Money market funds
Another area which is undergoing a considerable shift is that of money market funds (MMFs). Historically, most funds have run on a constant net asset value (CNAV) basis, whereby the price of a share is $1 (or £1/€1). Following the collapse of the Reserve Primary Fund in 2008, however, regulators have focused on bolstering the way in which money market funds operate.
In the US, new rules came into effect on 14th October which require prime funds and tax-exempt funds to operate on a variable NAV (VNAV) basis. The new rules also stipulate that funds can charge a 2% redemption fee or prevent redemptions altogether if liquid assets fall between a certain threshold. Over $1trn has already left the relevant funds since the beginning of the year in light of these changes.
“Most clients are just flipping from prime funds into treasury funds and waiting to see what happens,” says Mark Smith, Head of Global Liquidity, Global Transaction Services at Bank of America Merrill Lynch. “But those treasurers are flipping into an asset that is lower yielding, so the yield enhancement that treasurers can get from a money market fund versus a deposit is probably at a historic low.”

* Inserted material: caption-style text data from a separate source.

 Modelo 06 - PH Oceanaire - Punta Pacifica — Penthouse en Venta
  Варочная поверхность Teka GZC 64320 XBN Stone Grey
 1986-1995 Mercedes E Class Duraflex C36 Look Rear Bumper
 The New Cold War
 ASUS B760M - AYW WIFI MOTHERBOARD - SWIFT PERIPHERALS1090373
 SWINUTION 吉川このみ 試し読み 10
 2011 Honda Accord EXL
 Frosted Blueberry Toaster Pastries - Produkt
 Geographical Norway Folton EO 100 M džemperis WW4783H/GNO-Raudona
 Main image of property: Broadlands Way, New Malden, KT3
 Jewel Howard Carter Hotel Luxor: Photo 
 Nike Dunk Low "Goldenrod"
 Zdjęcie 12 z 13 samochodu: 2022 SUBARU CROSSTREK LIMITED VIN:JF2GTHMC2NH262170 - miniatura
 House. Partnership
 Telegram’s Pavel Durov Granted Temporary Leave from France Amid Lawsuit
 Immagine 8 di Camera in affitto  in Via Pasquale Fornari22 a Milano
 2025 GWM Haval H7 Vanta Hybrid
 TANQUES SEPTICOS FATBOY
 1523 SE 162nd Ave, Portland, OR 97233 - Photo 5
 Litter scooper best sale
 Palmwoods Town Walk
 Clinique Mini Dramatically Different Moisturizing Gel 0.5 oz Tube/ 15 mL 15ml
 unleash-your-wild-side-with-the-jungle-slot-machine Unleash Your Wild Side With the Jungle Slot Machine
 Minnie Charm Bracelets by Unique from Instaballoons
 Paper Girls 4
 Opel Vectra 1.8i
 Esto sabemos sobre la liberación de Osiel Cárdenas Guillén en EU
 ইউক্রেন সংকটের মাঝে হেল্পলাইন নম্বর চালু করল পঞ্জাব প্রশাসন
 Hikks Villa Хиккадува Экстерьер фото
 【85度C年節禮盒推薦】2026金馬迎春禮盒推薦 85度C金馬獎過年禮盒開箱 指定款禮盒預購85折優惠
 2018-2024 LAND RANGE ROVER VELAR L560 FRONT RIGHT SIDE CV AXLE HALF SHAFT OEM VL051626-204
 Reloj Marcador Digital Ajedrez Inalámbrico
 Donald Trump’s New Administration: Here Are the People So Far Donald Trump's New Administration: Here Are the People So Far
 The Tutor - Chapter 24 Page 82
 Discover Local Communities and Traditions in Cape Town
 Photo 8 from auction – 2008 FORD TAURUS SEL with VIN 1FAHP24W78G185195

It’s not all bad news, however. Smith notes that the decline in prime fund investments has meant that prime funds are buying less of assets such as commercial paper, variable deposit notes and certificates of deposit (CDs). As a result, these assets are currently yielding at higher levels – presenting some interesting opportunities for treasurers.
Smith notes, “If you are a treasurer with a flexible, sophisticated investment policy, and if you have got the systems and the team needed to take advantage of this, there are some really good short-term opportunities.” As a result, he says that some companies are re-examining their investment policies to see whether it makes sense to review their policies in order to take advantage of the situation.
The situation is somewhat different in Europe, where negative interest rates mean that companies using prime funds are currently paying the funds to hold their money. Meanwhile, Europe’s money market funds are also tabled for regulatory change, although the money market fund regulation (MMFR) proposed by the European Commission in 2013 has yet to be realised.
Implications for treasurers
In this climate, treasurers have to be aware of many types of regulation, although different companies are inevitably affected in different ways depending on the nature of their businesses. David Stebbings, Director, Head of Treasury Advisory at PwC, points out that the extent to which a company is affected by regulation depends very much on which sector the company is in. “The closer you are to the financial services sector, the more you are affected by regulation,” he notes. The impact of regulatory change will also vary considerably depending on a company’s geographical footprint.
Some industries may be subject to their own diverse and challenging regulations. “I was working with a company that is opening a new facility in China,” says Stebbings. “They have a special team that goes around whenever the company opens a new operation. This team includes a treasury person who makes sure that the company is complying with all of the regulations relating to collecting cash, getting money out and understanding central bank reporting.”
Understanding the challenges
What particular challenges should treasurers be aware of? “Many of the regulatory developments will mean enhanced compliance cost and administrative burdens but could also reduce business flexibility as well as approaches to tax, location and overall business organisation,” explains Wandhöfer. “It will continue to be a challenge to keep all these different developments in sight as well as to assess their impacts, both individually and in conjunction.”
Meanwhile, Doherty notes that the need for safety in the context of their security, liquidity and yield is a key priority for treasurers today. “Treasurers have to manage a greater range of risks, while also demonstrating compliance with their investment mandate, so there is a greater risk management element to the role.”
Wandhöfer adds that because of the challenging economic and regulatory landscape for banks, “corporates will need to maintain a close watch on their banking partners in order to avoid any surprises that could challenge their operations.”
Such surprises could be significant. In recent months, a number of banks have pulled out of certain markets in a phenomenon known as de-risking. In the world of transaction banking, the decision taken by RBS to step back from offering cash management and trade finance services in most of its European markets has been particularly significant.
Doherty points out that technology-related liquidity challenges have increased, and that certain markets and payment platforms are now migrating their infrastructure from batch-based processing to a real-time environment. “This means that treasurers increasingly need to manage cash and liquidity in or near real-time, rather than on an end-of-day basis,” she notes. “While the technology solutions to achieve this may be available, it means that treasury functions need to be much more technologically adept than they have been in the past.”
A master of all trades
In this increasingly challenging regulatory environment, treasurers have also had to acquire additional skills and gain a greater level of knowledge on regulatory topics than in the past.
“They are expected to be treasury experts, but they also increasingly have to be regulatory experts,” says Smith. “This means understanding what is going on in the regulatory landscape and how this will affect not only the company itself, but also the company’s banks. They are expected to be tax experts, as illustrated by the arrival of Section 385, which has a huge potential impact on how treasury functions are organised. And they have to be accounting experts.”